Alex Dupont returned to Charleston and brought his bride with him.

Dupont, who traveled to the Holy City from Quebec, successfully defended his wheelchair championship Saturday during the 36th annual Cooper River Bridge Run.

He set a record last spring with a time of 25 minutes, 42 seconds over the 10-kilometer course. His time Saturday was 17 seconds off his pace, but he was still smiling. His wife, Ilana Duff Dupont, won the women’s division with a time of 30:17.

“I won last year, and I loved it last year,” Alex Dupont said. “I couldn’t expect a result like I had last year, but I tried. Most of the race wasn’t so bad except for the bridge.
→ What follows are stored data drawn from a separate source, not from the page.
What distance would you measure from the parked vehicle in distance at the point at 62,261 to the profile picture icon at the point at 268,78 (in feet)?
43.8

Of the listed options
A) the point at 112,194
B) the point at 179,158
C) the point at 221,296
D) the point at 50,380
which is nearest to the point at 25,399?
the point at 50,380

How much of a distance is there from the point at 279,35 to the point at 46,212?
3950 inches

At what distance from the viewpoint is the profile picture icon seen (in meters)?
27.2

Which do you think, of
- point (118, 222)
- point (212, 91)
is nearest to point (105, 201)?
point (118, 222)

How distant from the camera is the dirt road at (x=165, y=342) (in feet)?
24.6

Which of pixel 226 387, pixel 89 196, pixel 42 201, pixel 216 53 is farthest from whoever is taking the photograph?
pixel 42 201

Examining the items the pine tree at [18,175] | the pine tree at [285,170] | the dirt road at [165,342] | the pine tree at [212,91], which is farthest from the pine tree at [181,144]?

The bridge is really tough.”

Dupont was 17 years old when he lost his right leg in a motorcycle accident in 2003. He turned to wheelchair racing and was an elite racer five years later.

Ilana Duff Dupont, who was paralyzed in a horseback riding incident in 2000, was only one of two women entered in this year’s event. She knew her odds of winning were good.
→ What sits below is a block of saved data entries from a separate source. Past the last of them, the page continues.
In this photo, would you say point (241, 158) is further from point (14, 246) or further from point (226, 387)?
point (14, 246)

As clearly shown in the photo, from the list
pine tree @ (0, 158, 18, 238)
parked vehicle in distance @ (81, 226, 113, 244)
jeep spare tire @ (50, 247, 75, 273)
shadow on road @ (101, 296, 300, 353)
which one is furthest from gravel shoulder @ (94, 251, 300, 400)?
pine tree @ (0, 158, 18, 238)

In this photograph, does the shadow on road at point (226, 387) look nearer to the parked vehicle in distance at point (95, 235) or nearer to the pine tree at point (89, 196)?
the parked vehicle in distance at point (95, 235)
“I spent a lot of time getting ready for this,” she said. “I practiced five days a week, so I was ready for the challenge.”

The couple met while competing at the 2007 international wheelchair and amputee sports world junior championships in Ireland. Duff Dupont competed in the 2008 Summer Paralympics in Beijing and fared well. She won a bronze medal in the women’s 100 meters, finished fifth in the women’s 200 meters and sixth in the 400 meters.

The coupled headed to Marion Square for the post-race party and awards ceremony, and toured Charleston after that.

“It is a great day,” Alex Dupont said. “I had to push myself hard both years, but it’s not getting easier. I’m 27 and that bridge seemed taller.”

She said yes

Some guys will do anything to get their girlfriend to accept their marriage proposal.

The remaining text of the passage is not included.